Curated by Giuseppe Pizzuto
Critical essay by Nicolas Ballario
Mark Jenkins (USA, 1970) is famous for his hyperrealistic sculptures of persons, animals and objects placed in the urban space. Since the moment they are “delivered” to the street, the works start the short life-cycle which will bring them to deterioration or disappearance. The sculptures take on positions or create situations which are emblematic and surreal, transforming the public space and pushing the passers-by to become real actors, part of the artwork itself. Beyond all the reactions that can be triggered by the installations, such as fear, indifference, confusion or amusement, Mark Jenkins’ art offers an unusual occasion of reflection on social and political themes, as well as on ourselves and our behaviour within society. His work has been exhibited from New York to Barcelona, from Tokyo to Moscow; the artist has collaborated with Greenpeace in 2008 and has participated to important events such as the Nuit Blanche of Paris and the Glastonbury Festival, both in 2014.

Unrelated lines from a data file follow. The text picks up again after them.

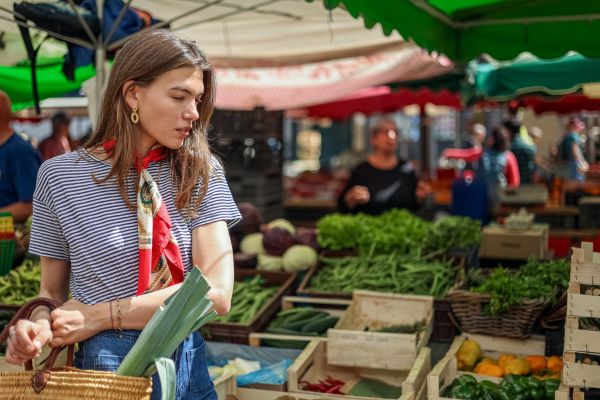 marchés producteurs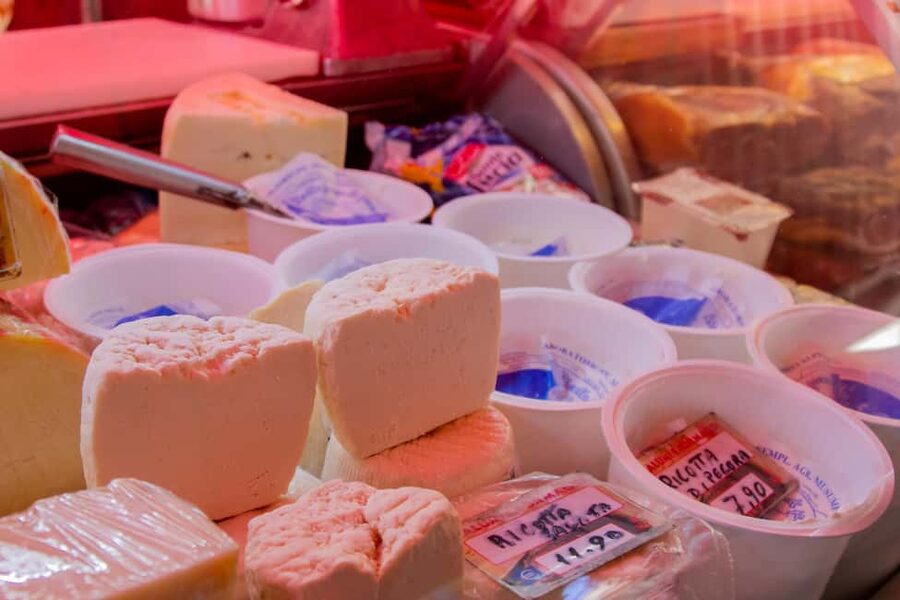 Cooking class, visit to the Catania market and light lunch - Catania Market: where Sicilian cooking starts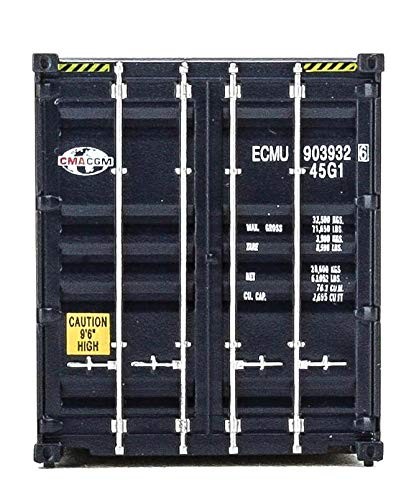 Container fuß cma cgm - 40,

Rero’s (France, 1983) artwork is placed in between urban art and conceptual art, and it is based on language. Influenced by sociology and philosophy, the artist reveals his message through sentences or words which are crossed by a thick black line. The line indeed defines Rero’s research on the negation of the image and on self-censorship; it acts as a contradiction and it multiplies the possible interpretations of the message by the observer. His site specific interventions, whether created in urban abandoned spaces or in natural and wild landscapes, imply a strong interaction with their context. His fine art works explore the concept of re-appropriation through the use of materials, supports and objects originally intended for something else. Rero has exhibited in important galleries and institutions, among which the Vasarely Foundation (Aix-en-Provence, 2014), the Centre Pompidou (Paris, 2013), the Grand Palais (Paris, 2013) and the La Poste’s Museum (Paris, 2012).

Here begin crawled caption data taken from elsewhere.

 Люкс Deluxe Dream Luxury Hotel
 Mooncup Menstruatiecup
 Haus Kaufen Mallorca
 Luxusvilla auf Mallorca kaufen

Mark Jenkins and Rero were back to Wunderkammern five years after their solo shows in Rome, respectively Living Layers and Supervised Independence. For the new exhibition in the Milan venue, the two artists have presented the evolution of their artistic research in relation to the concept: Rules of Engagement. The rules of engagement are regulations or directives issued by a military authority specifying the circumstances, conditions and limitations under which forces can engage in combat with the enemy. Simultaneously, engagement is also the formal agreement to get married. It is a word that brings together the extremes of emotions, hate and love. On the one side, it is a process that legitimises and authorises violence and the act of killing. And on the other side, an existing relationship based on the purest of feelings is validated and made official by engagement. Building on these concepts, the artists explore the mechanisms of the formalisation of emotions in our contemporary culture and highlight the paradoxes of constraining feelings into systematic processes. For the show a series of mixed media artworks have been exhibited, as well as some four-handed installations developed jointly by the two artists.